However, Good Reason shall exist with respect to an above specified matter only if such
matter is not corrected by HCC within thirty (30) days after HCC’s receipt of written notice
of such matter from Executive. Any such notice from Executive must be provided within
thirty (30) days after the initial existence of the specified event. In no event shall a
termination by Executive occurring more than ninety (90) days following the initial date of
the event described be a termination for Good Reason due to such event, whether that event
is corrected or not.
(4) “Termination Date” shall mean the date Executive’s employment with HCC
terminates or is terminated for any reason pursuant to this Agreement.
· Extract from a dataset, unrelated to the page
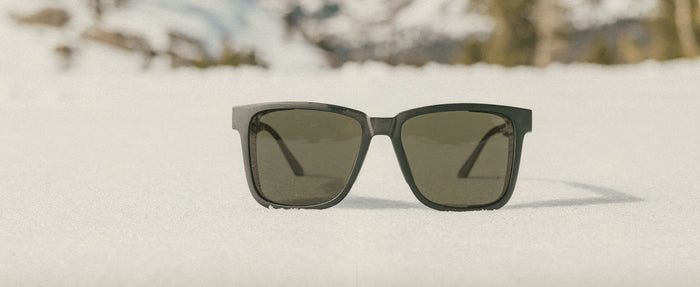 sunski couloir sunglasses in the snow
(5) A “Change of Control” shall be deemed to have occurred if:
(i) Any “person” or “group” (within the meaning of Sections 13(d) and 14(d)(2)
of the Securities Exchange Act of 1934) other than a trustee or other fiduciary
holding securities under an employee benefit plan of HCC becomes the “beneficial
owner” (as defined in Rule 13d-3 under the Securities Exchange Act of 1934),
directly or indirectly, of 50% or more of HCC’s then outstanding voting common
stock; or
(ii) The shareholders of HCC approve a merger or consolidation of HCC with any
other corporation, other than a merger or consolidation (a) in which a majority of
the directors of the surviving entity were directors of HCC prior to such
consolidation or merger, or (b) which would result in the voting securities of HCC
outstanding immediately prior thereto continuing to represent (either by remaining
outstanding or by being changed into voting securities of the surviving entity) more
than 50% of the combined voting power of the voting securities of the surviving
entity outstanding immediately after such merger or consolidation; or
(iii) The shareholders approve a plan of complete liquidation of HCC or an
agreement for the sale or disposition by HCC of all or substantially all of HCC’s
assets.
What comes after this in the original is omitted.